Related Work & Insights¶
- vs. EWC: EWC applies regularization in parameter space, whereas ARCL-ViT directly protects the attention space, yielding better effectiveness for ViTs.
- vs. DualPrompt/CODA-Prompt: Expansion methods increase model size; ARCL-ViT introduces no additional parameters.
- vs. PackNet: A conceptually similar idea transferred from CNN pruning to attention protection in ViTs.
Rating¶
- Novelty: ⭐⭐⭐⭐ The attention drift perspective is novel.
- Experimental Thoroughness: ⭐⭐⭐⭐ Multiple datasets, settings, and visualizations.
- Writing Quality: ⭐⭐⭐⭐ Clear and intuitive presentation.
- Value: ⭐⭐⭐⭐ Practical contribution to continual learning with ViTs.
Additional Remarks¶
- The methodology and experimental design offer useful reference for related research areas.
- Future work should validate generalizability and scalability across more diverse scenarios and larger scales.

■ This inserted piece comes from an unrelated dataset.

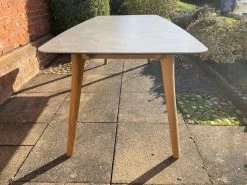 Mustique Table |FSC® Certified 24 Mustique Table |FSC® Certified -Garden Comfort Shop teak stone2 2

- Potential research value exists in combining this approach with recent methods (e.g., RL/MCTS or multimodal frameworks).
- Deployment feasibility and computational efficiency should be assessed against practical application requirements.
- The choice of datasets and evaluation metrics may affect the generalizability of conclusions; cross-validation on additional benchmarks is recommended.
Additional Remarks¶
- The methodology and experimental design offer useful reference for related research areas.
- Future work should validate generalizability and scalability across more diverse scenarios and larger scales.
- Potential research value exists in combining this approach with recent related work (e.g., intersections with RL/MCTS or multimodal methods).